As for Amabel, she was not going to bother about the others, excepting Alex. Miss Crevy would have been surprised to learn Amabel had spoken to her only to make secrets and because she guessed the other girls would be against her coming, so that it seemed policy to make one friend at once. Also she wanted to make sure she would not be left alone with Max before she had found out how things were. Miss Crevy would have been surprised as well to learn that Amabel classed her equally with the others and lower, and with contempt as being more out for a free trip abroad because she could less afford to go if she was not taken. Amabel was a money snob. So that Amabel's silence, which Angela in her ignorance might call poise, was no more than wariness coloured by distaste for her own sex. She was here to manage Max and was not going to bother with anyone else but Alex.

At the same time no one can be sure they know what others are thinking any more than anyone can say where someone is when they are asleep.

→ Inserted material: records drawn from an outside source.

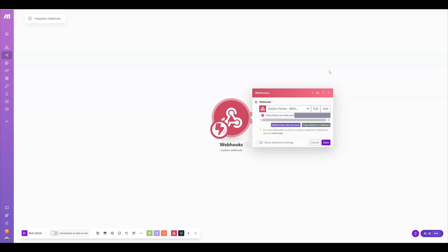I'm back again with a quick tutorial on how to use Make.com to generate a webhook, put it into a third-party application, and utilize that to send data from one application to another.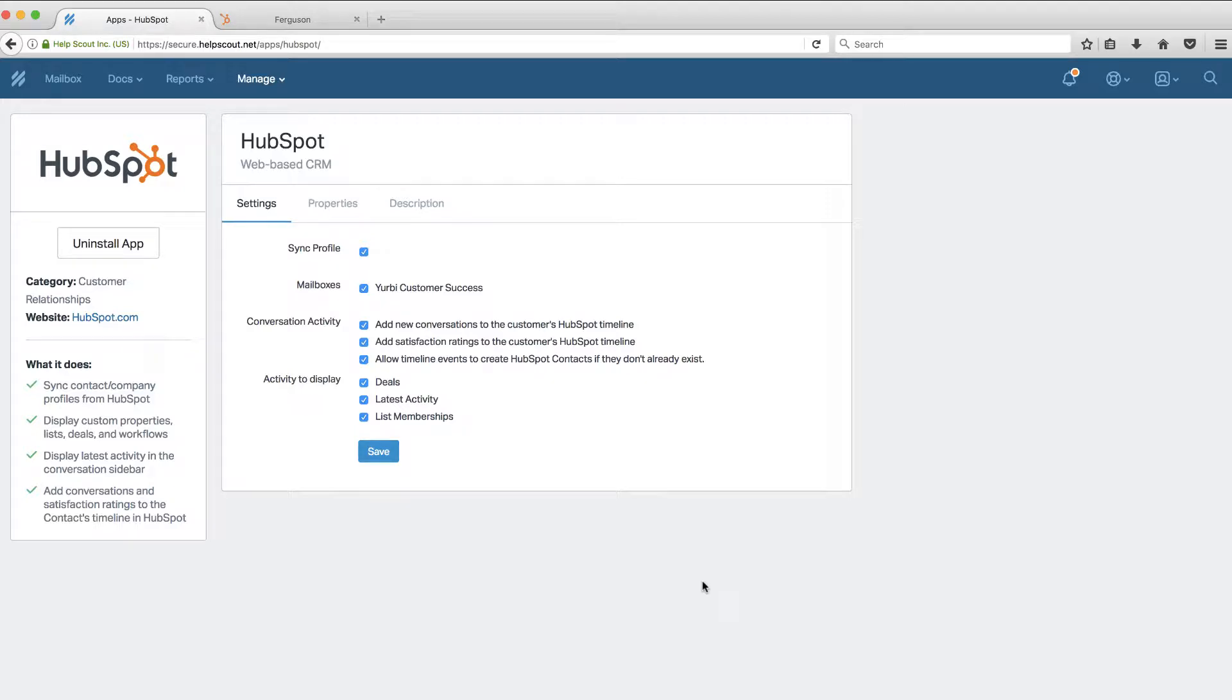In this video, we're going to show you how to set up the Help Scout to HubSpot CRM integration and show you a way that you can keep your sales team and your support team in sync with your customer interactions. Stay tuned.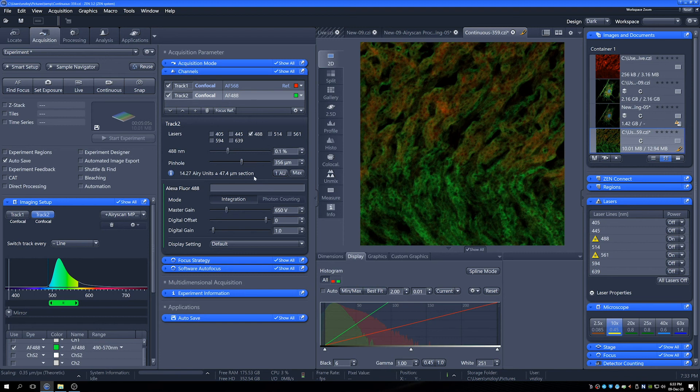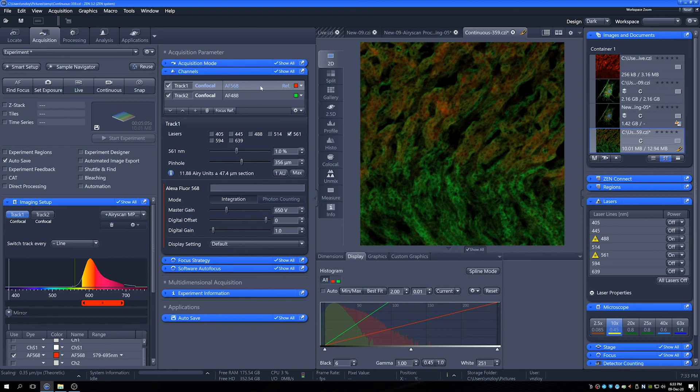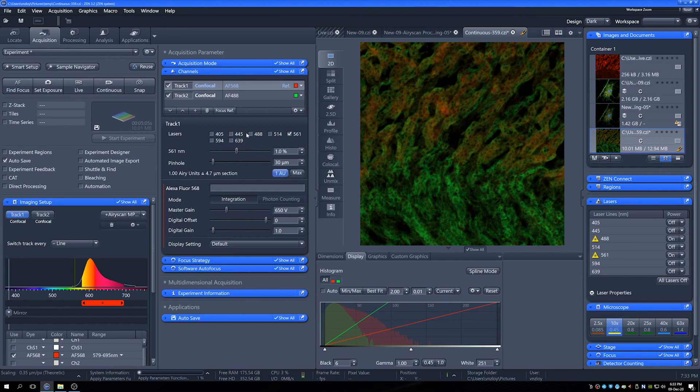But we'll notice that actually our pinhole has not been set yet. So it's wide open as we stand. The normal convention for pinholes is to set them to 1 AU. So this is why we have a 1 AU button here. If I just select that, the normal convention here is that if we're doing a type of imaging that doesn't allow changes of hardware in between channels, so when you're doing line scanning is a good example of that, or line switching even.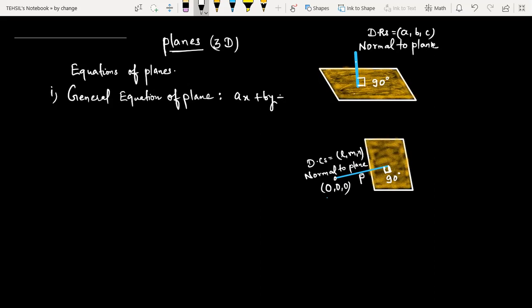ax plus by plus cz plus d is equal to zero — this is called the general equation of plane. Here, a, b, c — the coefficients of x, y, and z — are the direction ratios of any normal to the plane, as you can see in this figure.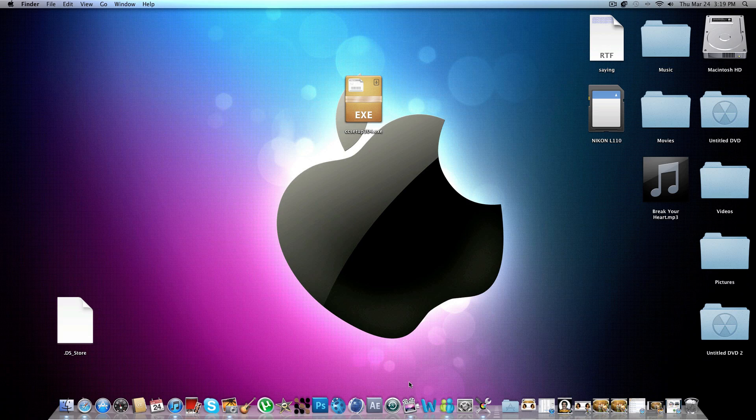Hey guys, so today I'm going to make a really quick tutorial on how to run Windows applications on your Mac. I'm using iMac for this, and it can run exes and install files and all that. So you can even run games actually.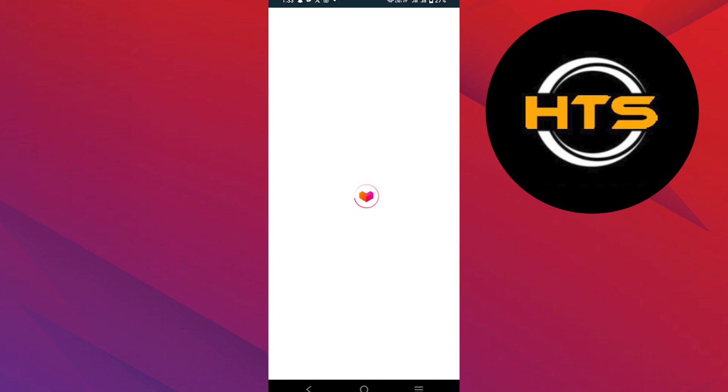Enter the specific amount you wish to withdraw. Select PayMaya as your withdrawal method. Tap on the withdraw button or similar options to complete the transaction.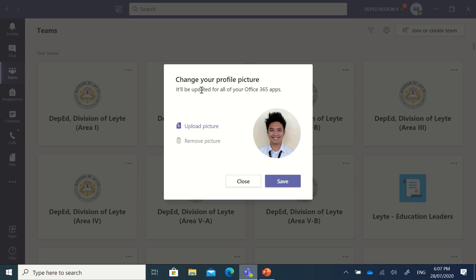It will notify you that the picture will be updated for all your Office 365 apps, because of the continuity or continuum feature — if you change the profile picture here, all the applications you use in Office 365 with this same account will also have the same profile picture. Whether you go to www.office.com, Delve, Planner, Calendar, or Outlook, that same profile picture will appear everywhere. Once you've selected your picture, click Save.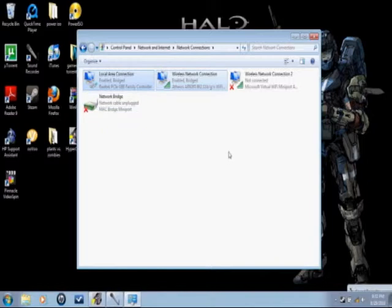At first it's going to come up with an X on it, but don't worry, it's just establishing the bridge. It'll take a few moments.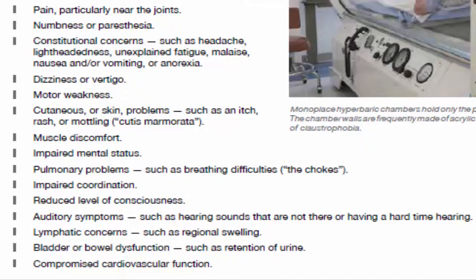Continuing the list: muscle discomfort and impaired mental status; pulmonary problems such as breathing difficulties — the chokes; impaired coordination; reduced level of consciousness; auditory symptoms such as hearing sounds that are not there or having a hard time hearing; lymphatic concerns such as regional swelling; bladder or bowel dysfunction such as retention of urine; and compromised cardiovascular function. According to a recent review, pain and numbness, also known as paresthesia, was reported initially in nearly two-thirds of cases of decompression sickness, whereas constitutional symptoms were reported in 40% of cases, dizziness, vertigo and motor weakness in approximately 20% of cases, and skin symptoms in approximately 10% of cases.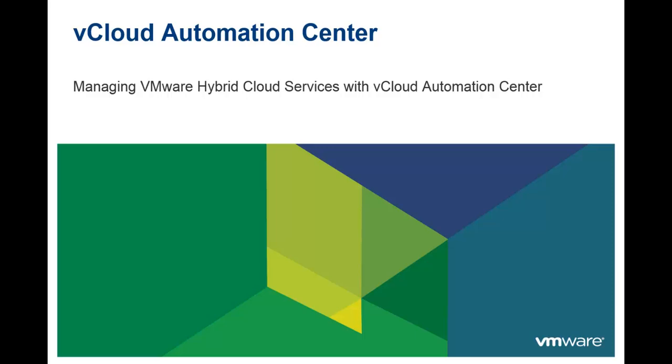Welcome to the vCloud Automation Center demo, Managing VMware Hybrid Cloud Services with vCloud Automation Center.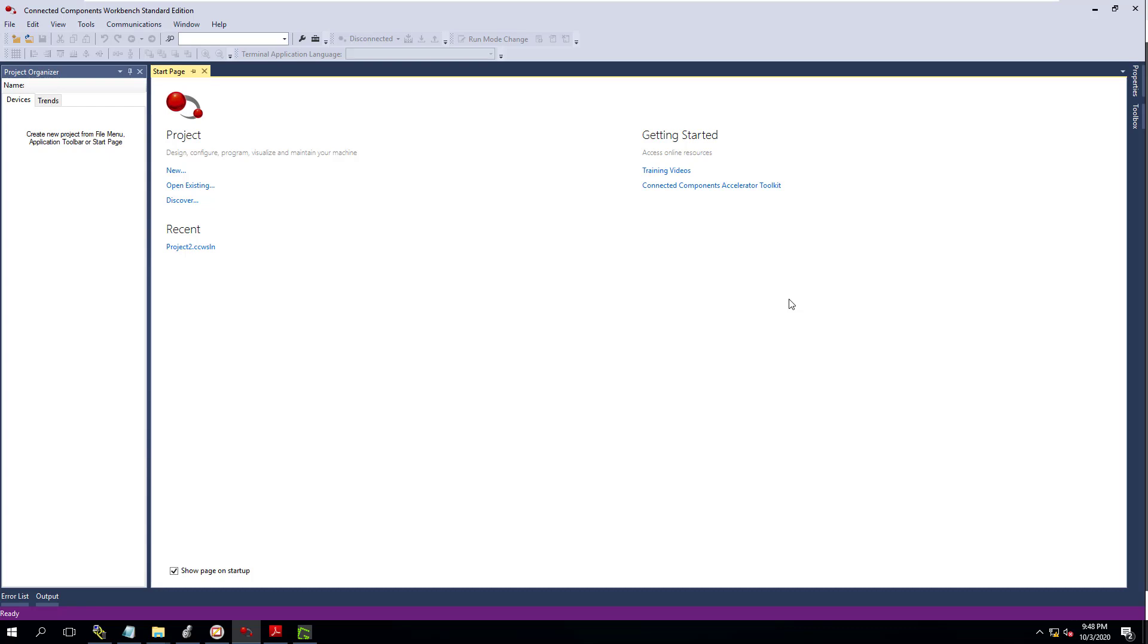Alright, so in this video, what we're going to talk about is our PowerFlex 525 drive that we just got in. We're hooking it up for our trainer. If you follow this channel, you've seen it. We've talked about it before.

And if behind that blank face and closed eyelids and a faint smile on closed lips they are wandering it may be in Tartary, it is their stillness which makes it all possible to one's wildest dreams.

In her silence and in seeming unapproachable, although he realized it might be studied, and Alex admired her so much he was almost jealous of her, it seemed to him she was not unlike ground so high, so remote it had never been broken and that her outward beauty lay in that if any man had marked her with intimacy as one treads on snow, then that trace which would be left could not fail to invest him, whoever he might be, with some part of those unvulgar heights so covered, not so much of that last field of snow before any summit as of a high memory unvisited, and kept.